StableLM Zephyr 1.6B
1.6 billion parameters · 4K context · Q4_K_S quantization · 989 MB download · ~28 tok/sec
Stability AI's lightweight instruction model. Excellent speed-to-quality ratio for everyday tasks. Minimal memory footprint, ideal for older devices or battery-sensitive workflows.
EXAONE Deep 2.4B
2.4 billion parameters · 32K context · Q4_K_M quantization · 1.6 GB download · ~22 tok/sec
LG AI Research's bilingual model (English/Korean). Strong multilingual capabilities and reasoning. Optimised for technical and analytical tasks with extended context support.
EXAONE 4.0 1.2B Instruct
1.2 billion parameters · 65K context · Q4_K_M quantization · 851 MB download · ~30 tok/sec
LG AI's newest lightweight model with massive 65K context window.

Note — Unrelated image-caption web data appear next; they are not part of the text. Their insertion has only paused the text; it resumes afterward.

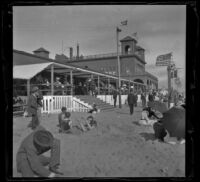 North Beach Bath House with people on the beach and the patio, Santa Monica, about 1895
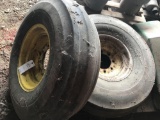 8-bolt rim and 11.00-16 tri-rib tire, and an 8-bolt John Deere 10.00-16 tri-rib tire and rim.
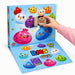 A colourful advent-style gift box with numbered cartoon dumpling faces on a light blue box, shown open with a flat lower panel. A hand in a pink sleeve is holding a small wrapped gift. Contains 24 mini squishy dumplings.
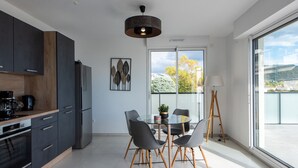 Et moderne køkken med mørke skabe, et rustfrit stål køleskab og et spiseområde med et glasbord og stole.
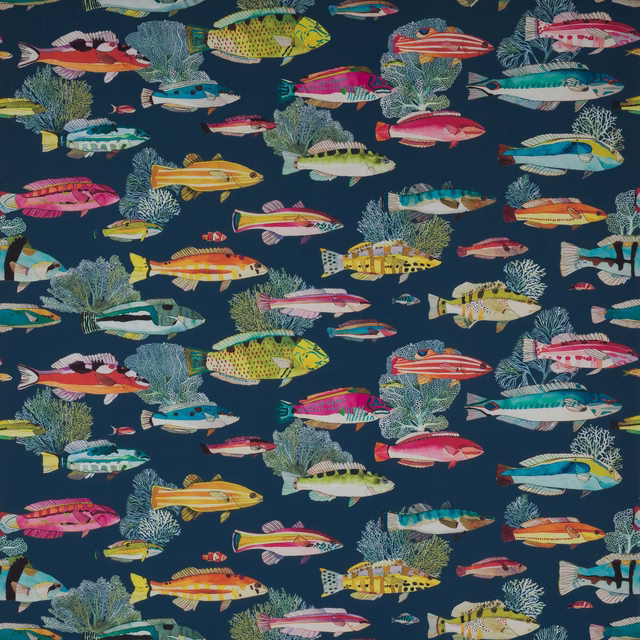 Navy fabric swatch printed with colourful tropical fish and pale coral motifs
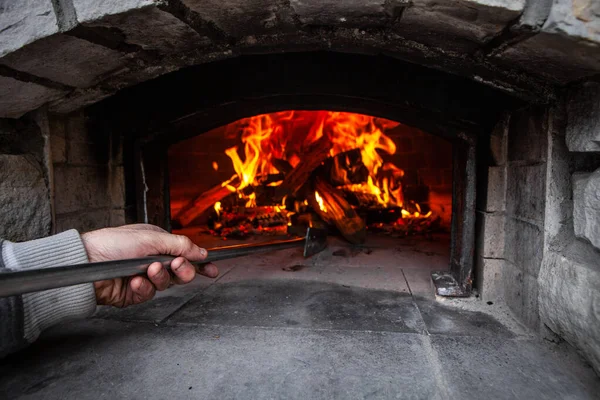 Pekárna na chleba s ohněm uvnitř, zatímco člověk hýbe dřevem s nářadím — Stock fotografie
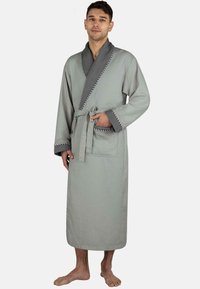 Helles graues Waffelbadekleid mit texturierter Oberfläche, kontrastierendem dunkelgrauen Kragen und Gürtel. Verfügt über eine Vordertasche und lange Ärmel.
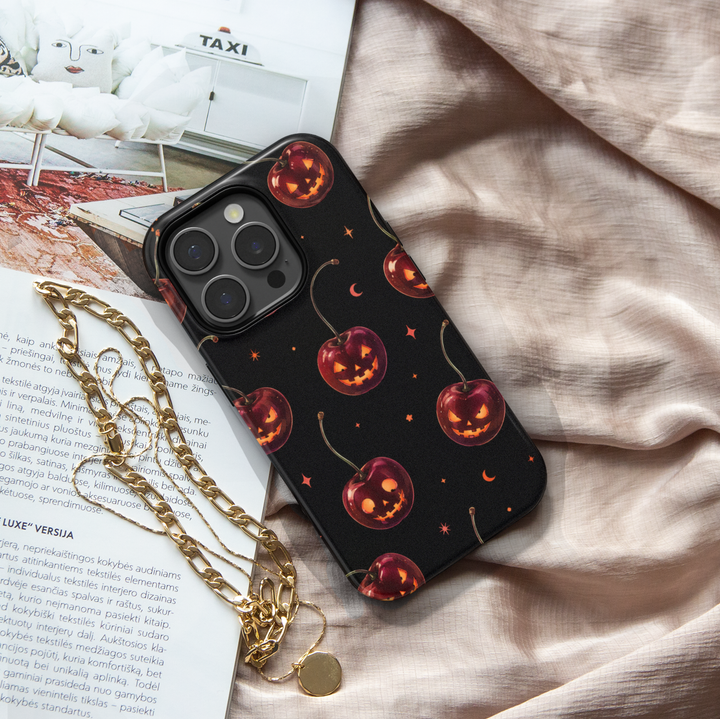 Black Halloween iPhone case with cherry red jack-o-lantern pumpkins, glowing faces, crescent moons and stars.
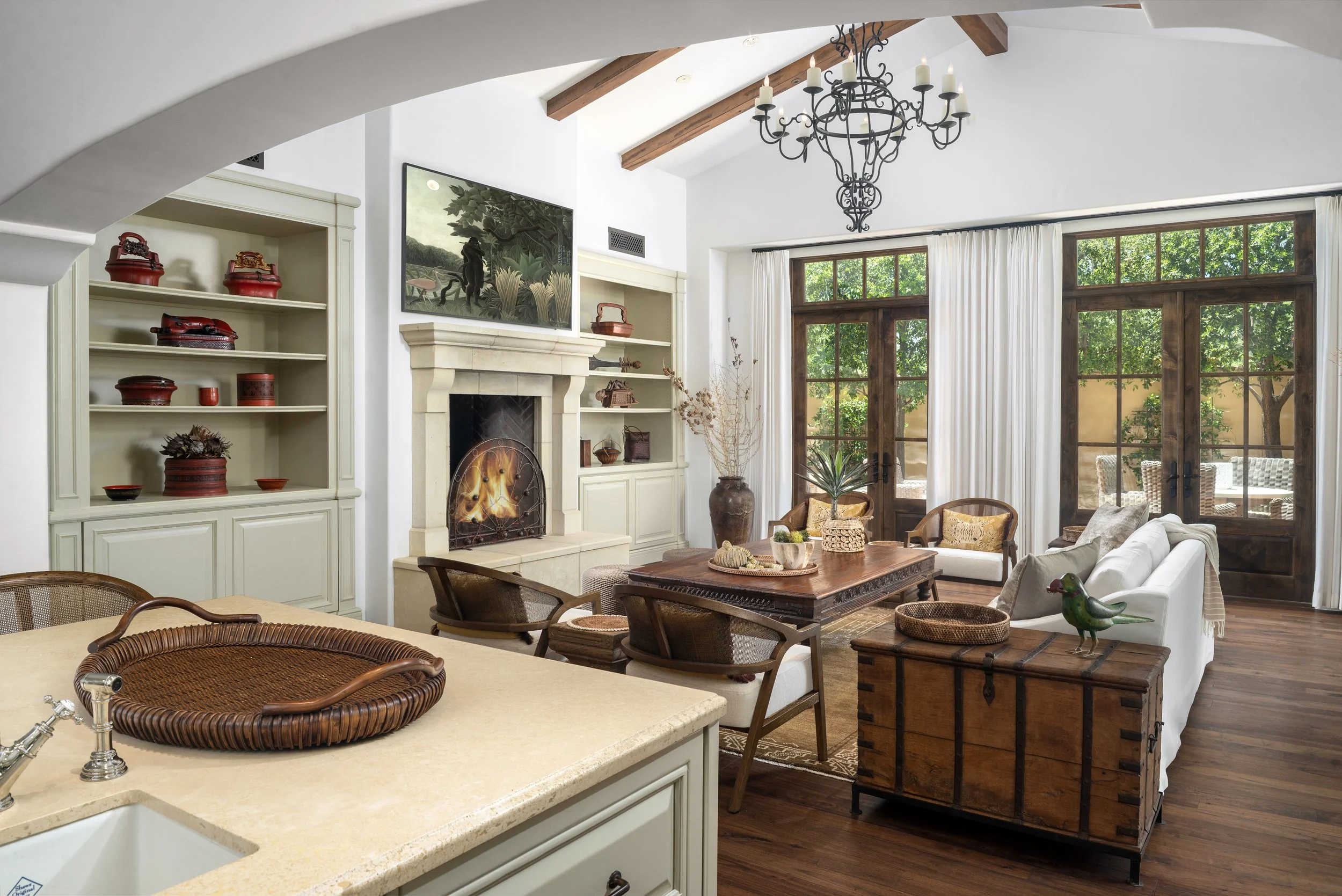 Bright living room with white walls, exposed wooden beams, a chandelier, a fireplace, built-in white shelves with decorations, large windows with white curtains, and outdoor view of trees, with furniture including a white sofa, wooden chairs, and a wooden chest.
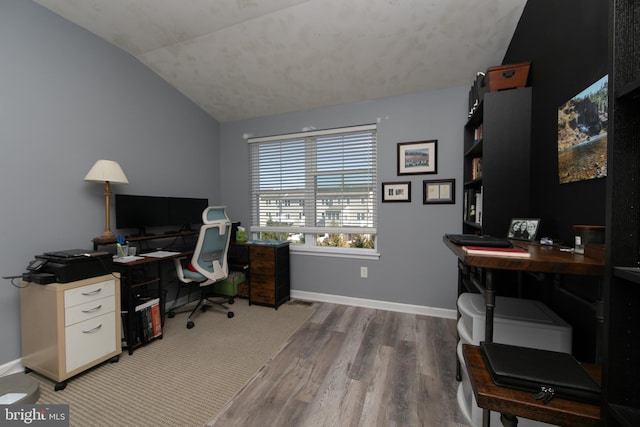 office space with vaulted ceiling, wood finished floors, and baseboards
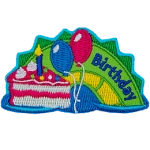 A green and yellow sea serpent hump with the word Birthday on it, and a piece of cake with balloons on the left.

Excellent for document-heavy workflows and extended conversations. Fast inference with minimal storage footprint.
AceInstruct 1.5B
1.5 billion parameters · 128K context · Q4_K_M quantization · 1.2 GB download · ~26 tok/sec
Instruction-tuned variant with strong following capabilities. Reliable for structured outputs, task execution, and complex multi-step instructions. Good balance of size and capability.
Semantic Search (Planned)
Document retrieval system for RAG. Currently using hash-based fallback — semantic embeddings integration planned for future release.
all-MiniLM-L6-v2 (Planned)
Sentence embeddings · 384 dimensions · 22 million parameters · 90 MB
Compact sentence transformer for generating dense vector embeddings. Will convert imported documents into semantically searchable vectors. Planned integration with CoreML and local SQLite-vec storage.
Model Selection Philosophy
Every model in LiberaGPT is chosen for a specific purpose: speed, accuracy, context length, or specialisation. You control which models to download and use. Lightweight models provide fast, efficient responses for everyday tasks. Larger models offer more power when you need it. Voice models enable natural interaction. Embedding models make your documents searchable.
All models run entirely offline, all data stays local, and you're never locked into a single provider. This is honest AI: you see what's running, you choose what to install, and you understand the trade-offs.